La abogada francesa de TI y datos Alexandra Iteanu emitió una dura advertencia esta semana sobre la proliferación de gafas inteligentes, argumentando que el sistema legal europeo no logra seguir el ritmo. En un artículo de opinión publicado el 7 de agosto de 2026 en la sección de opinión "Le Cercle" de Les Echos, Iteanu afirma que las gafas equipadas con cámara están normalizando rápidamente la vigilancia, convirtiendo la privacidad en una excepción en lugar de un derecho fundamental.
El análisis de Iteanu comienza con escenarios cotidianos, desde el metro hasta los cafés públicos. Ella postula que la era de ser grabado sin consentimiento ni advertencia ha llegado. La respuesta común, que los individuos simplemente deberían expresar su objeción a ser filmados, es, en su opinión, un "razonamiento retrógrado". Asume incorrectamente la conciencia de la grabación y traslada la responsabilidad del grabador al grabado, marcando "un paso más en la erosión de los derechos fundamentales", según informa Les Echos.
Europa no carece de salvaguardias legales. Iteanu señala el derecho a la vida privada, los derechos de imagen y la protección de datos personales. El artículo 226-1 del Código Penal francés, por ejemplo, penaliza la grabación no consentida de imágenes en espacios privados, con sanciones significativas. El artículo 9 del Código Civil consagra los derechos de imagen, mientras que la Ley de Servicios Digitales de la UE exige procedimientos de notificación y retirada en línea para las plataformas. Sin embargo, en espacios públicos como calles o el metro, la aplicación de estas leyes se convierte en un "terreno mucho más incierto", señala Iteanu. Si bien existen los fundamentos legales, su implementación está "estancada", con acciones lentas, resultados impredecibles y litigios costosos.
Un precedente crucial, según Iteanu, es el colgante AI "Friend". Este dispositivo de escucha constante suspendió su lanzamiento europeo para lograr el cumplimiento del GDPR (Reglamento (UE) 2016/679) después de la intervención de la autoridad francesa de protección de datos, CNIL. Este caso demuestra que "lo que protegió a las personas allí no fueron sus reflejos... sino el texto de la ley", argumenta en Les Echos, sugiriendo que la privacidad se mantendrá siempre que el sistema legal resista activamente su erosión.

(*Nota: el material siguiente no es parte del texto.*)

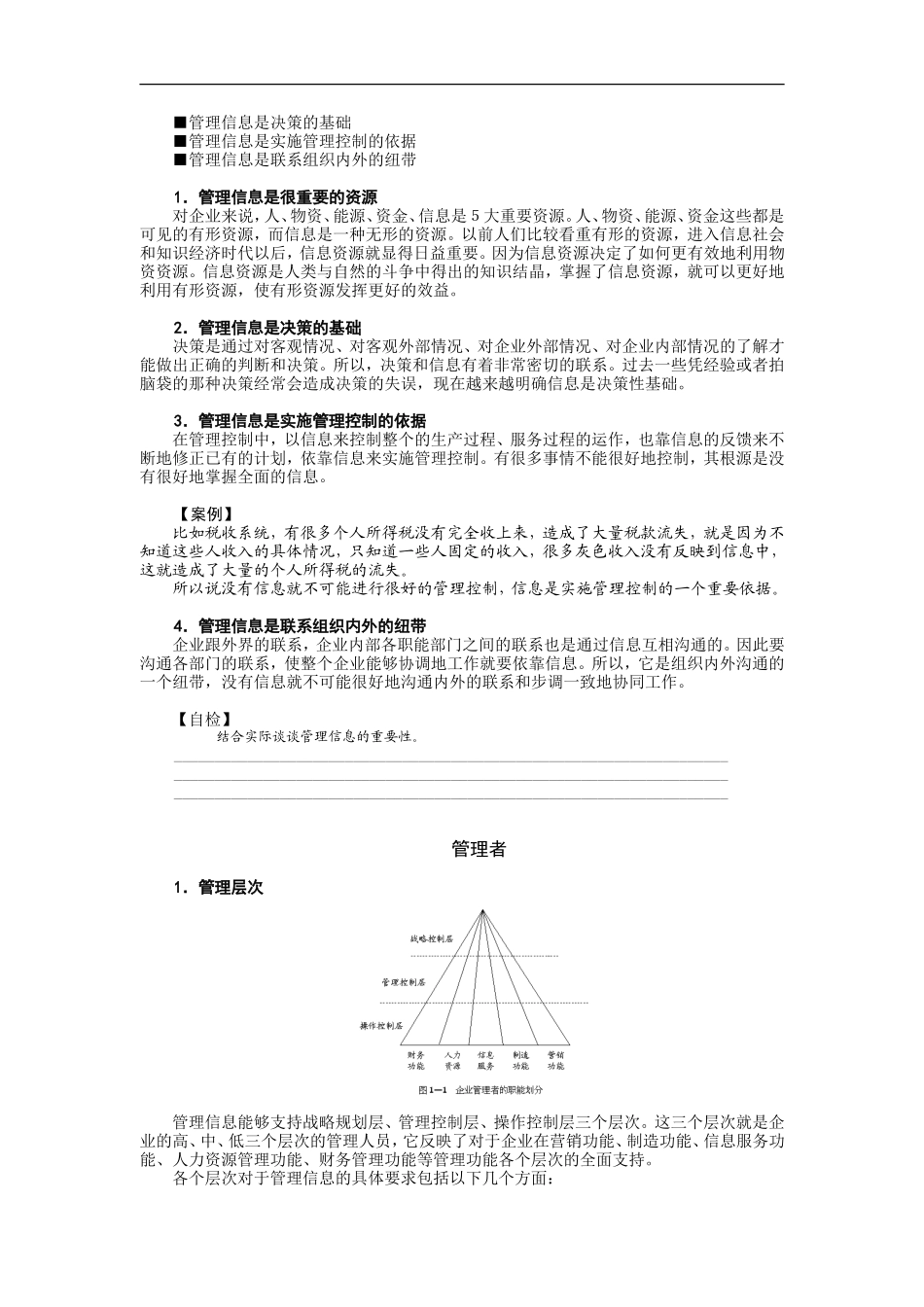 企业管理_人事管理制度_8-员工培训_5-培训讲义_管理信息系统（MBA全景教程之十）_第3页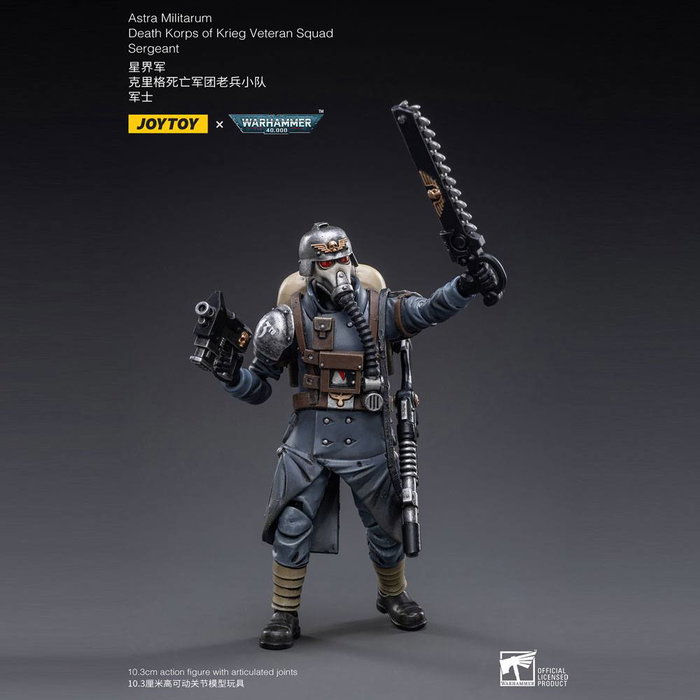 Joy Toy (CN) Warhammer 40k Death Korps of Krieg Veteran Squad Sergeant 1/18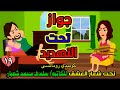 تحت شعار العشق جواز تحت التهديد حلقة١٩ روايات سعودية حكايات حقيقية حكايات شهرزاد انيميشن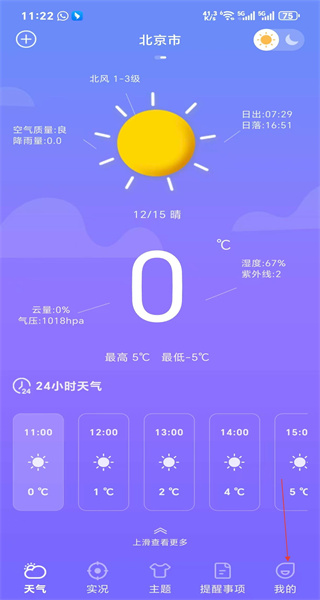 天气手机版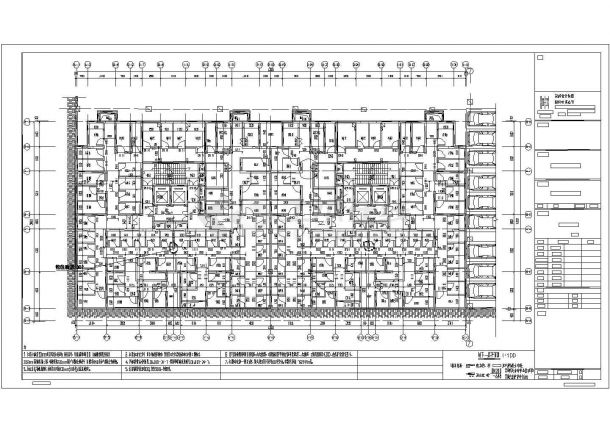 某地32层住宅完整建筑设计施工图-图二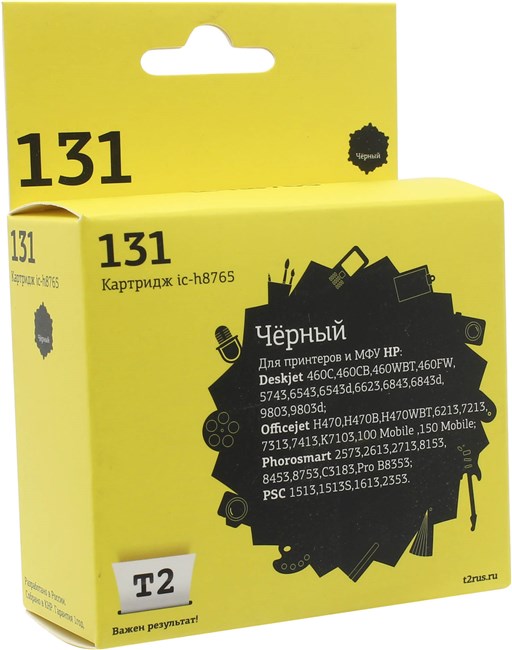 

Картридж струйный T2 IC-H8765 (№131/C8765HE), черный, совместимый, для HP 460/5743/6543/6843/9803/PSC1513/6213/K7103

Nuestra opinión: Este análisis es fundamental para la industria de las gafas inteligentes. Cada importante proveedor de gafas con cámara (desde la línea Ray-Ban de Meta y Spectacles de Snap hasta XREAL, Rokid y varios participantes chinos) opera actualmente en Europa. Su narrativa de privacidad estándar a menudo depende de un LED indicador de grabación y cláusulas de términos de uso. El argumento de Iteanu desafía directamente esta suposición de diseño, cuestionando si una luz parpadeante junto con la responsabilidad del usuario constituye una protección de privacidad legal y suficiente.
Qué significa esto: El panorama regulatorio parece moverse en la dirección que describe Iteanu. La retirada del colgante Friend, el interés histórico de CNIL en los wearables siempre activos y la aparición de nuevas gafas con pantallas integradas y 'vision pipelines' continuos, todo indica una próxima ola de restricciones legales, no técnicas. Los proveedores que prioricen una ingeniería de privacidad robusta desde la concepción, en lugar de tratarla como una ocurrencia tardía o un parche, probablemente navegarán el mercado europeo con mayor facilidad.